Let $R$ be a reflexive relation on a finite set $A$ having $n$ elements and let there be $m$ ordered pairs in $R$, then:
A) $m\ge n$
B) $m \le n$
C) $m=n$
D) None of these

I initially started with taking a simple example:
Let set $A$ was ${1,2,3,4,5,6}$ then one of the relations on it could be:
$R={(1,1),(2,2),(1,2)}$ which is reflexive right?

so this(according to my knowledge) showed that m doesn't have to be $\le$ or $\ge$ than n. But the answer showed that I was wrong and $m\ge n$ But why does this happen?

Is it necessary for all the elements of $A$ to be included in $\mathbb R$ for it to be reflexive?

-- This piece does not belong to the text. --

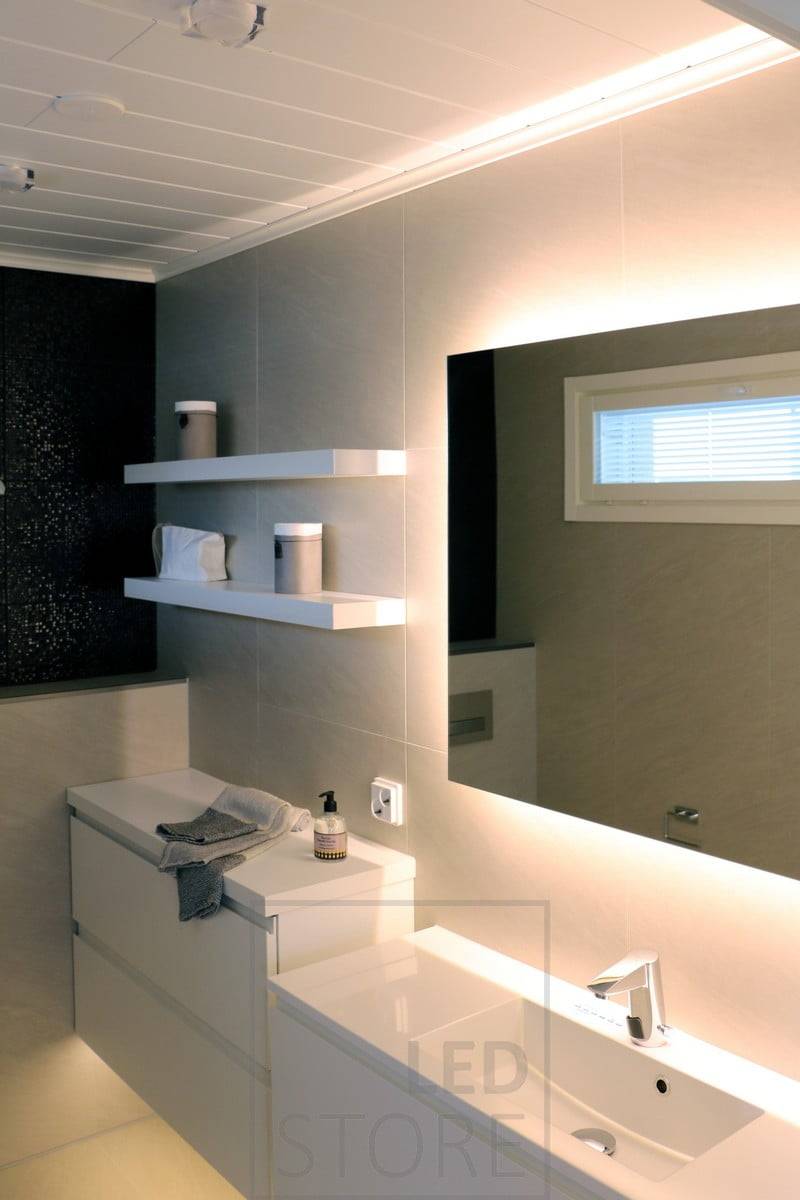 Éclairage doux et atmosphérique dans la salle de bains avec un miroir lumineux et une bande lumineuse LED sous le niveau du sol. Ledstore.fi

That is, considering the previous example, do the pairs $(1,1), (2,2),(3,3),(4,4),(5,5),(6,6)$ need to exist in $R$ for it to be reflexive?
I have this conceptual confusion about what a reflexive relation really is and would be glad if someone could clear this out.

Another sort of counter question to this, then technically is an equivalence relation even possible for sets like the set of natural numbers as the following example illustrates what I mean:
lets take any relation $R$ defined on the set of natural numbers,

$R=${$(2,3),(3,4)$}

then what minimum number of ordered pairs should we add to make it an equivalence relation ?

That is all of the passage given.